▶ [WHAT THIS TASK INVOLVES] When you reach the records below, output every one exactly as written but leave out any pictures.
══ EXTRACTED MATERIAL ══
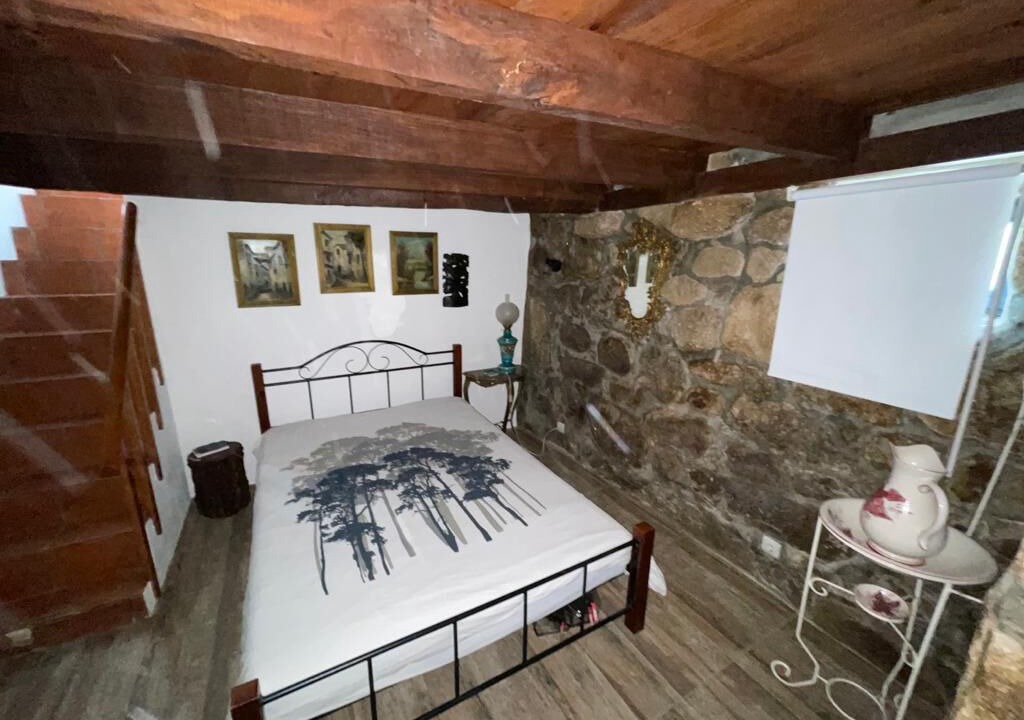 Photo of Others in Ribadouro
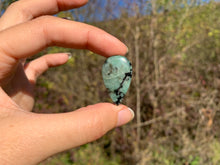 Charger l'image dans la galerie, Béryl Vert 5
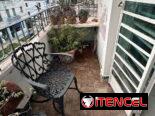 Renta de apartamento en Plaza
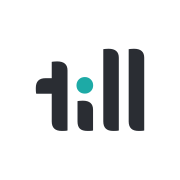 Till builds smarter spenders.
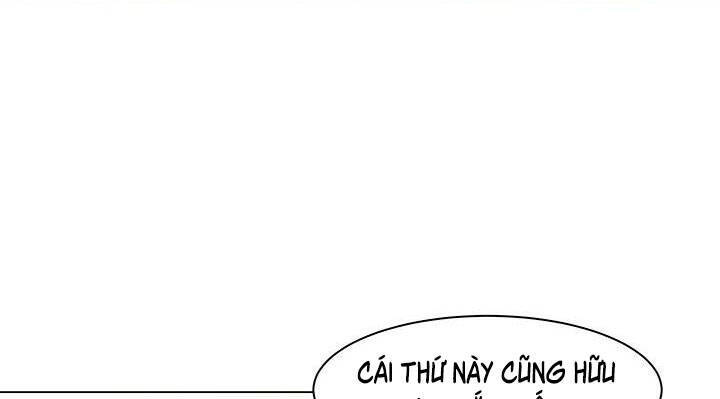 Người Trở Về Từ Cõi Chết Chapter 5 - Trang 2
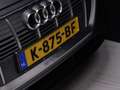 Audi e-tron 55 quattro edition 95 kWh Sport [LUCHTVERING, BLUE Gris - thumbnail 25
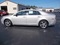 Click to view classifieds KRZDUBHC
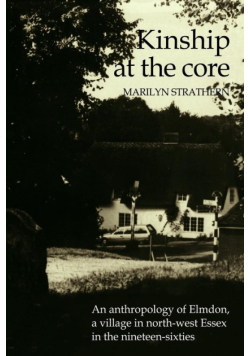 Kinship at the Core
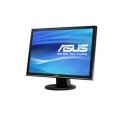 19“ LCD panel s WSXGA rozlišením od Asusu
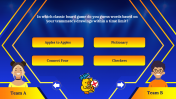 400749-Family-Feud-PowerPoint-Slides-Template_11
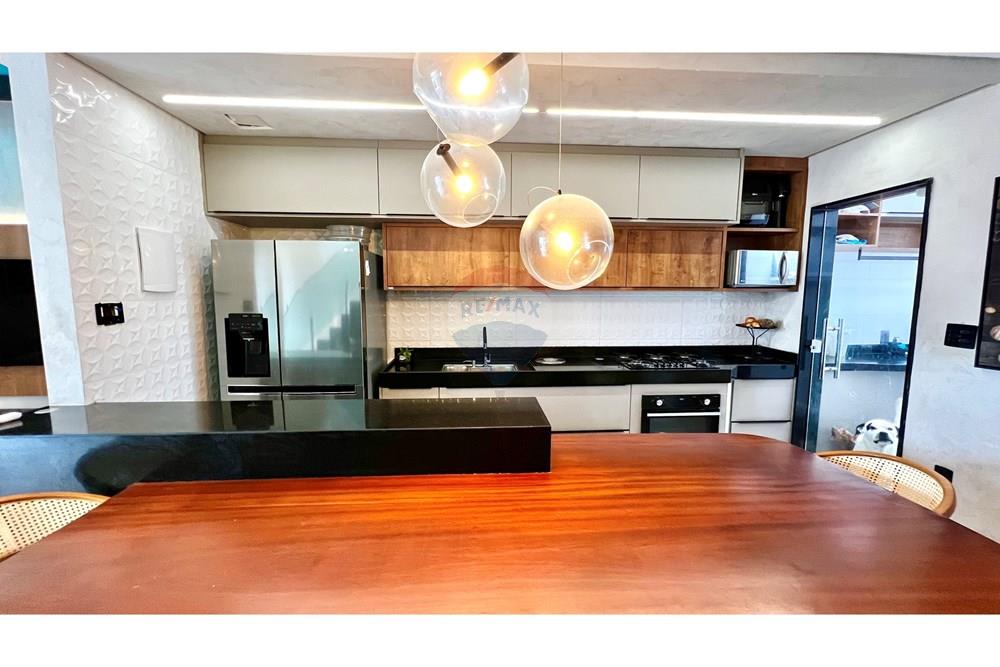 Casa - Venda - Jaboatão dos Guararapes , Pernambuco - IMG_4784.jpg - 850091013-308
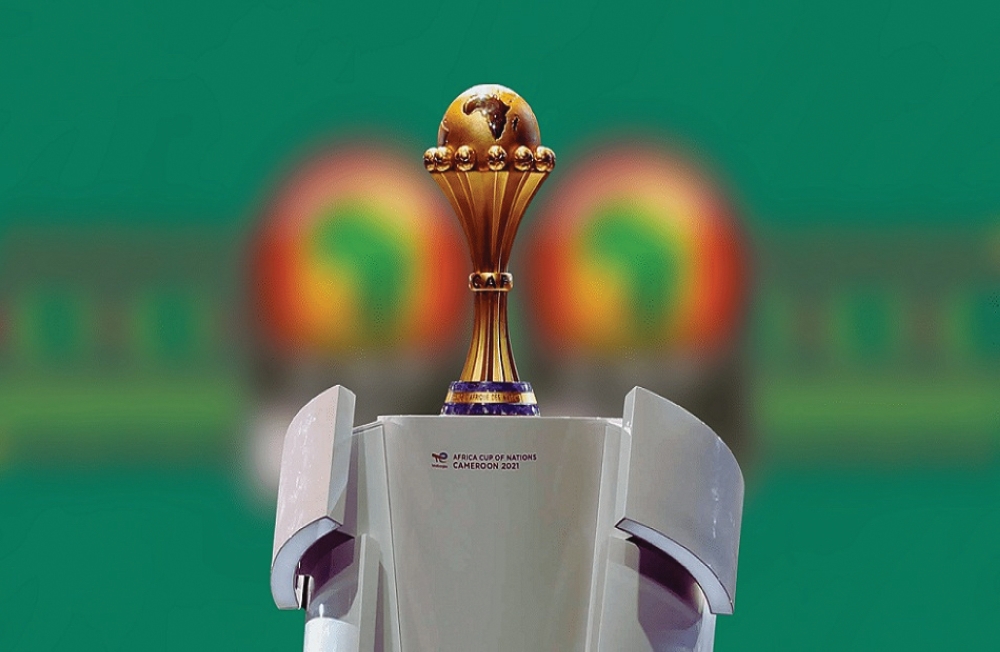 أمم إفريقيا 2025: "كاس" تبدأ النظر في استئناف السنغال بشأن اللقب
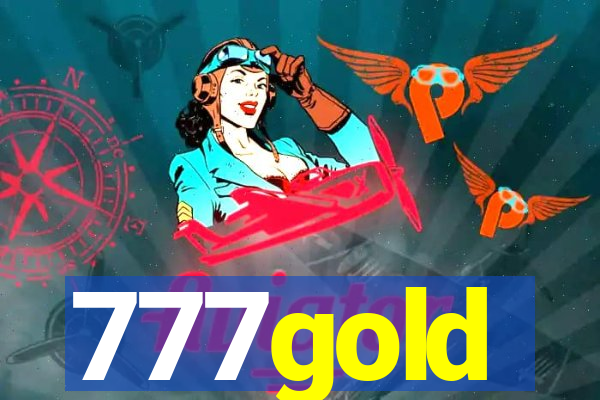 777gold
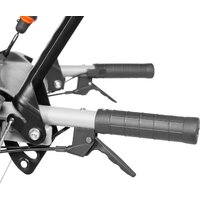 Снегоуборщик Daewoo Power DAST 224 (2024) - Превью изображения №15 — Интернет-магазин ПроЗаказ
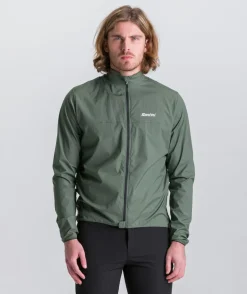 VENTUS - CHAQUETA ANTIVIENTO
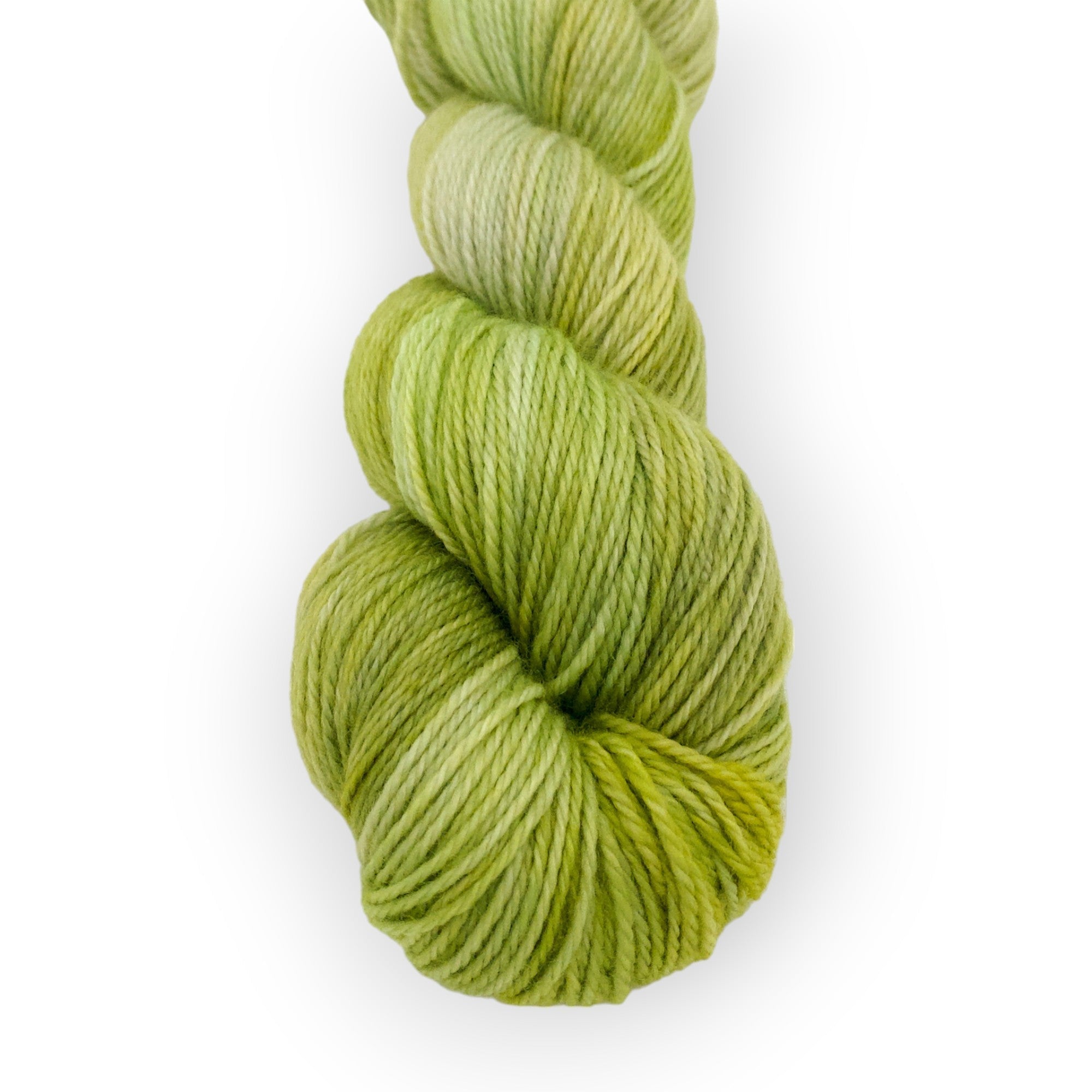 Yarn-Celery-WOOLTRIBE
═══
▶ [EXERCISE OUTPUT]
 Photo of Others in Ribadouro
 Charger l'image dans la galerie, Béryl Vert 5
 Renta de apartamento en Plaza
 Till builds smarter spenders.
 Người Trở Về Từ Cõi Chết Chapter 5 - Trang 2
 Audi e-tron 55 quattro edition 95 kWh Sport [LUCHTVERING, BLUE Gris - thumbnail 25
 Click to view classifieds KRZDUBHC
 Kinship at the Core
 19“ LCD panel s WSXGA rozlišením od Asusu
 400749-Family-Feud-PowerPoint-Slides-Template_11
 Casa - Venda - Jaboatão dos Guararapes , Pernambuco - IMG_4784.jpg - 850091013-308
 أمم إفريقيا 2025: "كاس" تبدأ النظر في استئناف السنغال بشأن اللقب
 777gold
 Снегоуборщик Daewoo Power DAST 224 (2024) - Превью изображения №15 — Интернет-магазин ПроЗаказ
 VENTUS - CHAQUETA ANTIVIENTO
 Yarn-Celery-WOOLTRIBE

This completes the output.